** Instructions for the task **
Copy everything in the records, character for character, except images.

** Source material **

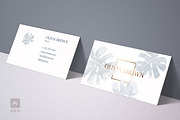 Feminine business card with Monstera, a Business Card Template by ARg Design (Thumbnail 1 of 6)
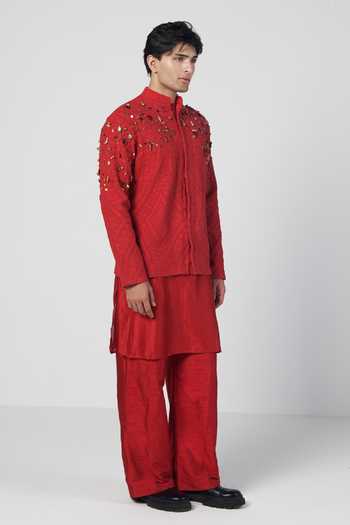 Shop_Rishi And Vibhuti_Red Silk, Cotton, Chanderi Beads, Mirrors Embroidered Bundi And Kurta Set _Online_at_Aza_Fashions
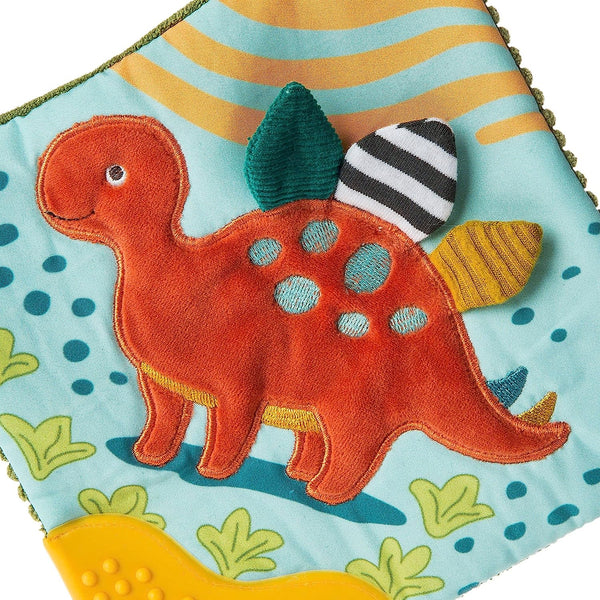 Mary Meyer Pebblesaurus Crinkle Teether Toy with Baby Paper and Squeaker, 6 x 6-Inches, Dinosaur
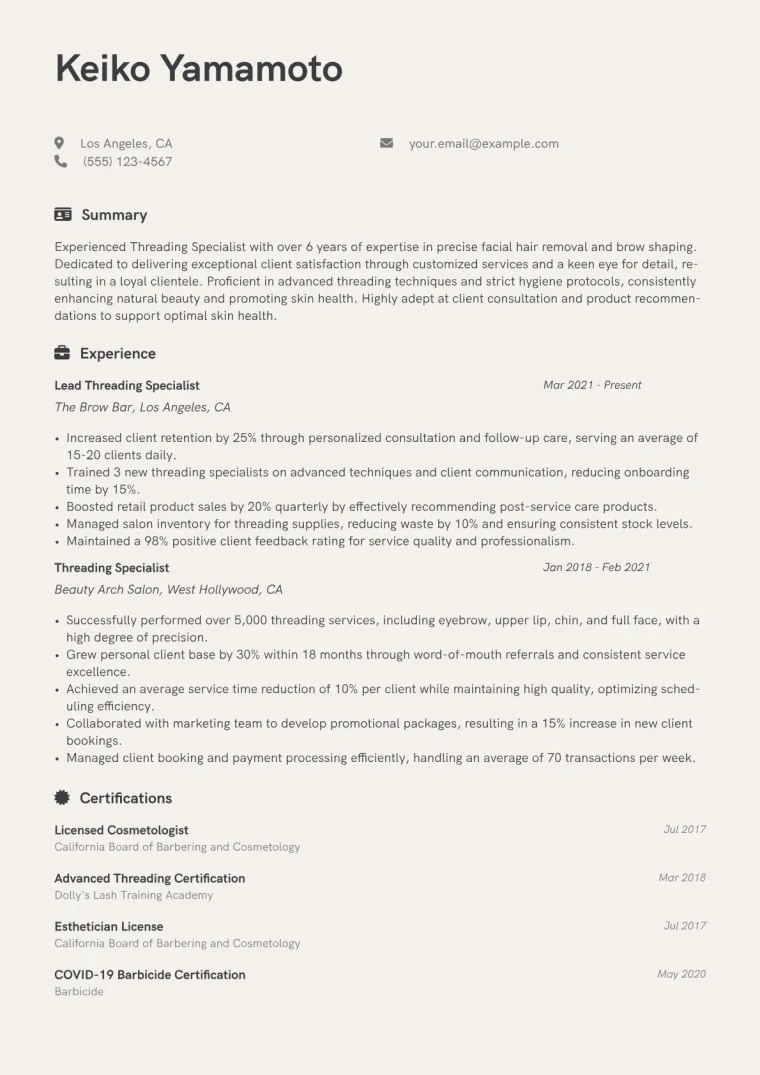 Threading Specialist Resume Example CV template preview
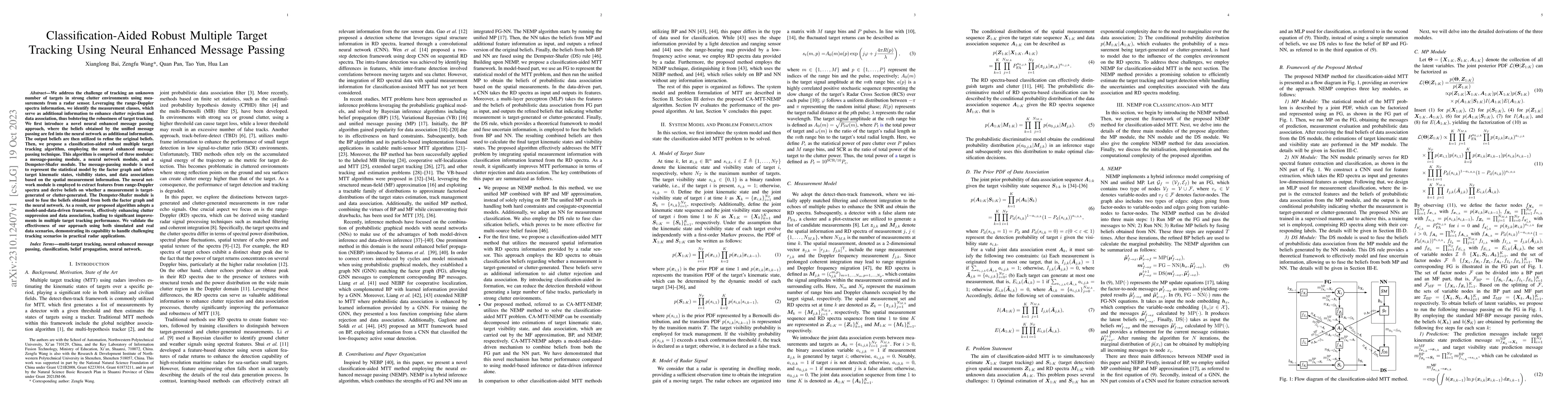 Thumbnail for Classification-Aided Robust Multiple Target Tracking Using Neural
  Enhanced Message Passing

** Solution **
 Feminine business card with Monstera, a Business Card Template by ARg Design (Thumbnail 1 of 6)
 Shop_Rishi And Vibhuti_Red Silk, Cotton, Chanderi Beads, Mirrors Embroidered Bundi And Kurta Set _Online_at_Aza_Fashions
 Mary Meyer Pebblesaurus Crinkle Teether Toy with Baby Paper and Squeaker, 6 x 6-Inches, Dinosaur
 Threading Specialist Resume Example CV template preview
 Thumbnail for Classification-Aided Robust Multiple Target Tracking Using Neural
  Enhanced Message Passing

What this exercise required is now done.